コーチングスキルの中で、最も難しいものが「的確な質問のスキル」です。
レッスンの繰り返しになりますが、コーチングは個々の人間に合わせて作られるオーダーメイドです。ですから、すでに作られた質問はあまり役に立ちません。
ルールや教科書がないだけに難しく感じるかもしれません。適切な質問をするためのいくつかのポイントを考えてみましょう。
相手の状態を知る
良い質問をするには、子供の話をよく聞くことは絶対条件です。
また、話しをきく以上のことも必要です。
ボディーランゲージから子供の感情を伺うスキルが大切になります。
もし、子供が話し合いを避けたり、一人になりたがる場合、子供の感情が整っていないと思うべきでしょう。
欧米では、親子の間で感情が高まると、子供は自分の部屋にいったん去るように告げられます。
そこで感情を落ち着けて冷静な話ができる準備をさせるのです。
日本では、逆に話をしている最中に場所を去ることは不敬なこととみなされます。
しかし、感情が高ぶっている時に冷静な話し合いはできませんから、子供をひとりにさせてあげたり、話し合いや質問を避ける配慮も必要でしょう。
感情の用意ができてない時に、いくら質問をしてもいい加減な返事しか返ってこないでしょう。
質問をする信頼関係ができていますか?
例えば、お互いを知らない相手に質問をされた場合、それがどんなに良い質問であっても答えを躊躇するでしょう。
親子でも同じです。
信頼関係が成立していない状態で質問をしても、その質問は会話を良い方向へ導いてはくれません。
信頼とは、まず先に時間をかけて子供の話や言い分を聞くことです。
話を聴き終わっても、まだ子供の感情が収まらない場合、きちんと話が聞けていないことも考えられますから、もう一度傾聴を繰り返してみてください。
その質問はわくわくする質問ですか?
質問をする前に、質問の意図を考えてみましょう。
その質問は子供を貶める罠のようなものでしょうか?それとも子供が前向きな気持ちになれるポジティブな意図のかる質問でしょうか?
無意識に情報を引き出したり、叱る材料にしたりするための質問はすぐに子供の心に警告を鳴らします。
質問をしたことで子供の顔がくもってしまい場合は、質問の裏にある意図をもう一度考えてみましょう。
「積極的な質問」という表現がピンと来ない場合、わくわくする質問、楽しい質問であるかが判断材料となります。
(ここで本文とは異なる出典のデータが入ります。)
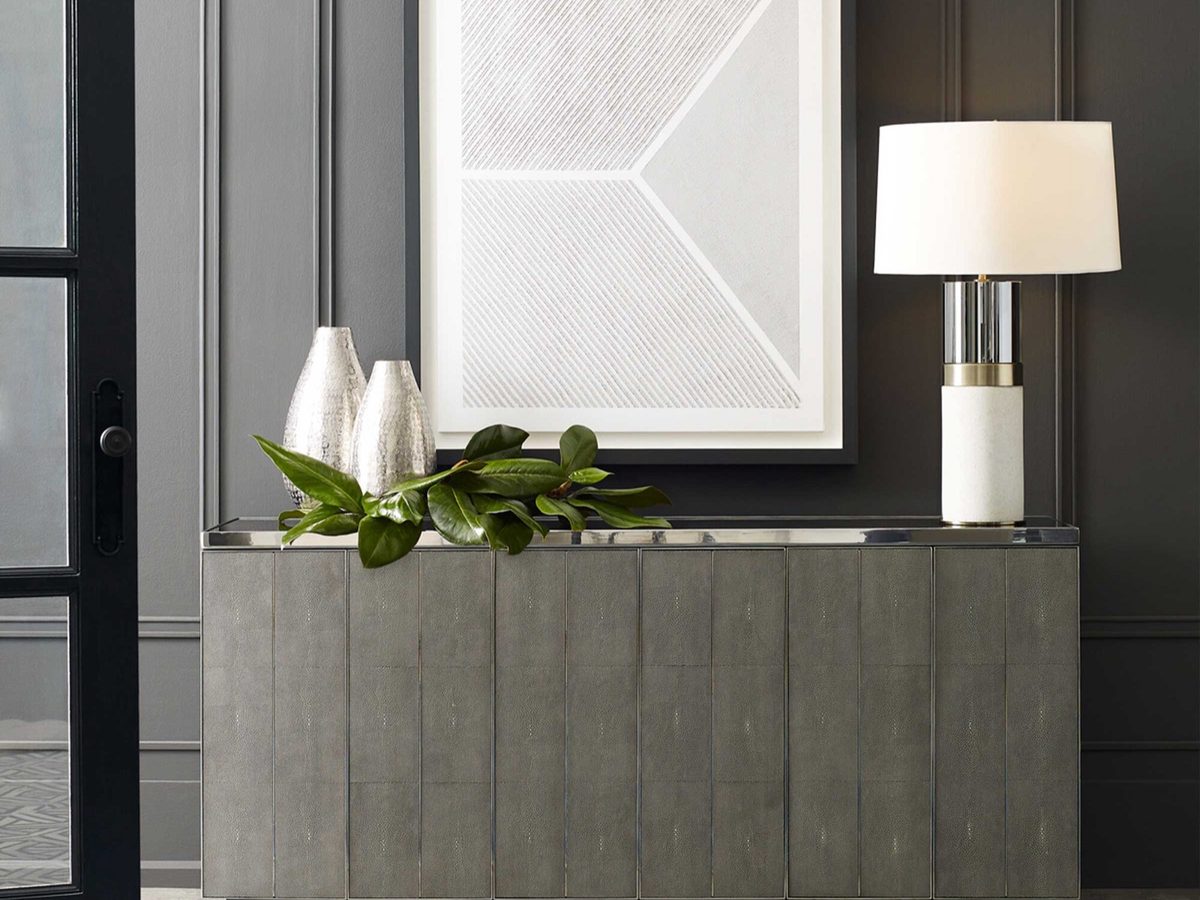 A Mitchell Gold + Bob Williams console styled against a dark panelled wall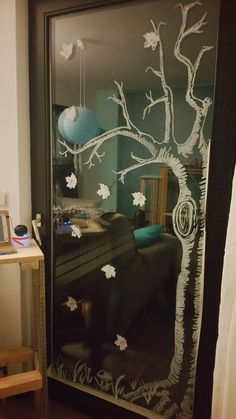 a glass door with a tree drawn on it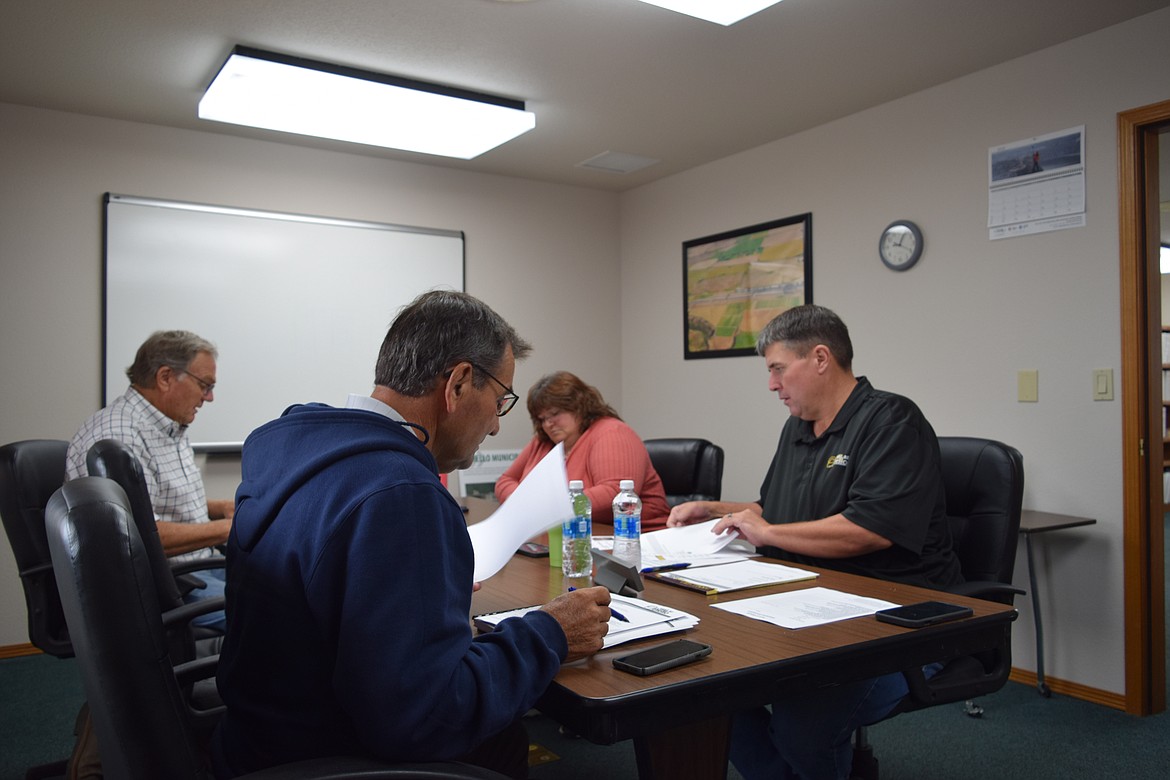 Commissioner Kenny Schutte, middle left, discusses Port of Othello business during Tuesday’s regular meeting. Schutte has been a port commissioner since 2000.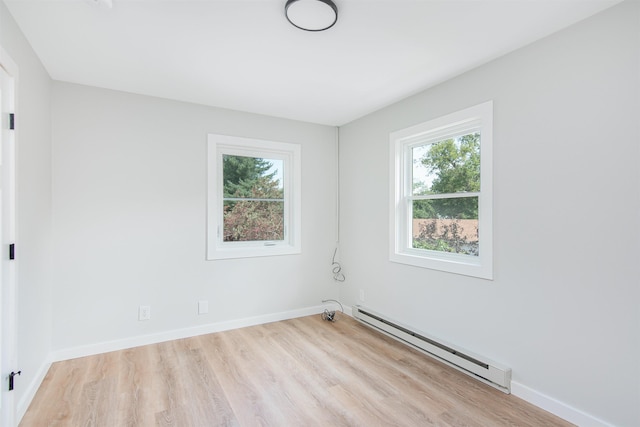 empty room featuring baseboard heating and light wood-type flooring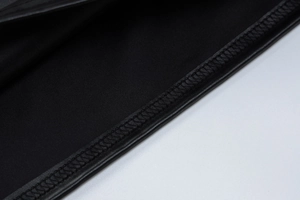 Detail view of the fine stitching and woven texture on this black PU leather skirt set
直感で楽しいこと、心が明るくなる質問や会話が失敗することはありません。
例えば、子供がネガティブなことばかり話す場合、「その中でも良いことはあった?」「では、良かった点はどんなところ?」と、元気がでる質問をしてあげましょう。
パラダイム・シフトの練習
とはいっても、急にポジティブな質問を考えること自体が難しい場合もあります。
子供が憤慨していたり、ネガティブな話ばかりする時は、親もついその雰囲気につられてネガティブになりがちだからです。
良い質問が思い浮かばない時はパラダイム・シフトの練習をしてみましょう。
「パラダイム」とは「(個々の人間に)ある思考パターン」です。
平たくいうと「個人の中の常識」のようなものといえます。
パラダイム・シフトとは、あなたの中に固まってある常識的思考を変えてみることです。
映画などで、悪役だと思った人が最後に良い人だったと分かる”どんでん返し”がありますが、「パラダイム・シフト」そのようなものです。
例えば、職場の上司が冷淡な人だと思ってる場合、「実は冷淡ではない」というパラダイム・シフトを自分の中で起こしてみましょう。
上司が「実は冷淡ではないという証拠」を探してみるのです。
そのようにすると、意外に優しい一面が急に発見できることがあります。
「通勤路はとても退屈」という思考が固定していたら、「退屈ではない」ことを強いて発見するよう努力します。
もし、興味深いことを発見できたらあなたは自分でパラダイム・シフトを起こせたのです。
このようなトレーニングを繰り返すと、人の話の中でもパラダイム・シフトを起こせるようになります。
ネガティブな話の中にもポジティブな一面を発見できるようになるのです。
発見できたら、それを質問によって相手に気づかせてあげましょう。